Her 30 saniyede bir deprem kaydediyoruz
Deprem bölgesindeki çalışmalara değinen Mandal, "Gaziantep'te deprem risk analizi oluşturmak üzere bir çalışma başlatmıştık dolayısıyla bizim orada istasyonumuz vardı. Hemen akabinde bu istasyonlarımızın sayılarını artırdık; şu an bölgede 15 istasyon ile birlikte gözlem yapıyoruz. Bilgilendirme anlamında deprem sayılarının 10 bin ulaştığı sayısı var; aslında bu sayı 10 binin çok üzerinde fakat hangi büyüklükten itibaren ölçtüğünüze bağlı. Genelde ölçüm noktaları 1.5'in üzerini kabul gördüğü için onun üzeri hesaplanıyor. Esasına bakarsanız bölgede her 30 saniyede 1 deprem görüyoruz. Geçmişte bunlar yok muydu? Duyarlılık anlamında bakıldığı zaman düşük büyüklükteki depremler sürekli yaşanıyor fakat şu an hassasiyet noktası gerçekten çok yüksek" diye konuştu.

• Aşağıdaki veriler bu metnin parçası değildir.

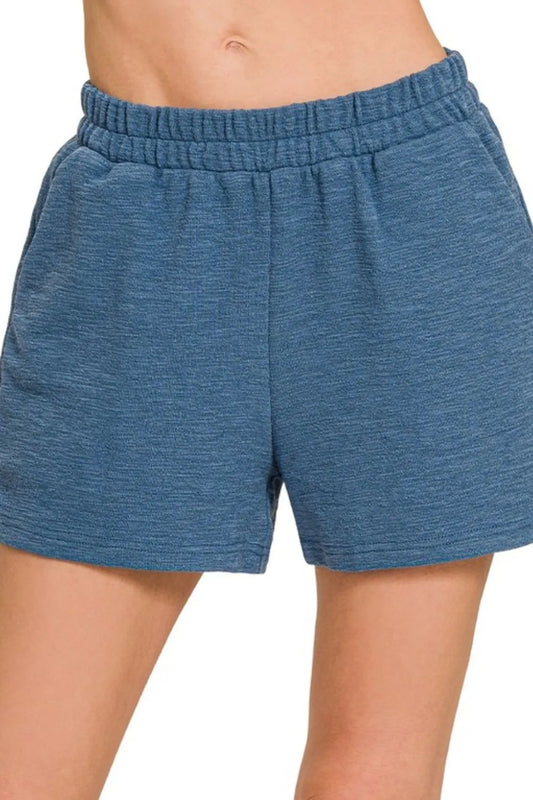 Zenana Cotton Slub Shorts DUSTY BLUE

Oluşan gerilmenin etkisi bunun uç noktası
Deprem sürecinde çalışmalarını titizlikle yürüttüklerini belirten Mandal, "En çok sorulan sorulardan biri, 'Bir sonraki aşama ne olacak' gibi sorular. Birçok bilim insanının ortaklaşa konuştuğu; şu an oluşan gerilmenin etkisi bunun uç noktalarında. Malatya, bunun bir uç noktası ne yazık ki bir uç noktası Adana ve diğer uç noktası Hatay. Aslında bunları tek tek şu an yaşıyoruz. Yine bilim insanlarımızın söylediği Malatya'da aktif faylarımızın bulunduğu yönünde. Bir diğer tarafı da Adana. Bununla birlikte yine bir diğer tarafı da bizim konuşmuş olduğumuz bu depremin büyüklüğü ve şiddeti dolayısıyla da diğer faylarda hareketlenmelerin ve buna bağlı olarak da oluşturmuş olduğu bir kısmı bağımsız depremler, bir kısmı artçı depremler olarak gözlemlediğimiz depremlerle karşı karşıyayız. Şu an TÜBİTAK'ın koordinasyonu ile 119 farklı projemizle 550 araştırmacımızla farklı disiplinlerden bilim insanımız sahada çalışmalarını gerçekleştiriyor" dedi.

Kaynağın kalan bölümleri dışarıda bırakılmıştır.